Apple v. Samsung – Part III: Shouldn’t a Different Set of Rules Apply to Design Patent Injunctions?

Apple v. Samsung is truly the design patent case that keeps on giving, and Monday’s Federal Circuit decision is no different. This time, Apple asked the Court to review Judge Koh’s decision denying Apple’s request for a permanent injunction against future infringement of Apple’s patents. In a unanimous decision, Judges Prost, Bryson, and O’Malley affirmed the district court’s decision with respect to Apple’s design patents, but vacated and remanded for further consideration with respect to Apple’s utility patents.

Essentially, the Federal Circuit found that there was no evidence of a “causal nexus” between Samsung’s infringement of Apple’s design patents and Apple’s established loss of market share to Samsung. See Apple v. Samsung III, at 12 (“If the patented feature does not drive the demand for the product, sales would be lost even if the offending feature were absent from the accused product. Thus, a likelihood of irreparable harm cannot be shown if sales would be lost regardless of the infringing conduct.”). According to the Court, Apple's loss of market share may have occurred because of several unrelated and perfectly legal reasons having nothing to do with Apple’s design patents. As such, the court reasoned that irreparable harm could not be shown as a result of future infringement by Samsung. According to the Federal Circuit, the causal nexus requirement “reflects general tort principles of causation.” Id. at 13 (emphasis added).

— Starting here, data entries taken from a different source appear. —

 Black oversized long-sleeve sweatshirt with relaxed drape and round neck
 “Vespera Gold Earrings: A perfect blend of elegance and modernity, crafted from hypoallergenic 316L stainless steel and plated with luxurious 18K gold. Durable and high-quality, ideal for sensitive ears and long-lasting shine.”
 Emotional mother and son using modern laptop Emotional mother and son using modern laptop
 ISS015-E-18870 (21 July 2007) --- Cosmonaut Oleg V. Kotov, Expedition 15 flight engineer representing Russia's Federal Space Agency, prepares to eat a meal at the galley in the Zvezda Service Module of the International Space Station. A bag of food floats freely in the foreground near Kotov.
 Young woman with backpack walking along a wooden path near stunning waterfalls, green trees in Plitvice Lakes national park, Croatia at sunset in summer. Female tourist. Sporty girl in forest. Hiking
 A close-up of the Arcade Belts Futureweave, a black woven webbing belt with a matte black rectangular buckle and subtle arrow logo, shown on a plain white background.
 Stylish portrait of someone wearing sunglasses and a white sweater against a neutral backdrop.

However, Apple v. Samsung III may be more noteworthy for what it failed to discuss. For example, it is unclear whether the “causal nexus” requirement makes sense in the context of design patents, where Apple already has an equitable remedy for disgorgement of Samsung’s illicit profits for any ongoing or future design patent infringement. In reality, Apple already has a de facto injunction against further infringement by Samsung because it would be entitled to recoup all of Samsung’s profits for any such design patent infringement, even without proving any actual harm or damage to Apple. Yet, the Federal Circuit never addressed this significant difference between utility and design patents in Apple III. Indeed, the disgorgement remedy for design patent infringement is an exception to the very “tort principles of causation” referenced by the court.

In the author’s opinion, the built-in equitable remedy for disgorgement of profits from design patent infringement should impact the permanent injunction analysis for design patents. The equitable remedy of disgorgement exists because Congress has determined that harm and causation should be presumed when a party infringes a design patent. This equitable principal of design patent law should inform the court’s analysis when considering a permanent injunction against further design patent infringement.

Apple does not appear to have argued that design patents should not be subject to a causal nexus requirement because of the unique disgorgement remedy for design patent infringement. However, the court made one statement that offered a glimpse into its possible position on this line of reasoning. Apple argued that the “causal nexus” requirement should only apply to a motion for a preliminary injunction so as not to vitiate a patent owner’s right to exclude others from practicing the patent. In response the Federal Circuit quoted the Supreme Court’s decision in eBay, reasoning that “the creation of a right is distinct from the provision of remedies for violations of that right.” Id. at 17 (eBay, Inc. v. MercExchange, L.L.C., 547 U.S. 388, 392 (2006)). However, this admonishment does not explain the failure to address the impact of the disgorgement remedy on the injunction analysis. Presumably, the creation of an equitable remedy, such as disgorgement, would be highly relevant to the application of another equitable remedy for the same violation, such as an injunction.

Just add this to the growing list of questions for Apple and Samsung’s attorneys during this week’s design patent conference at Suffolk University School of Law.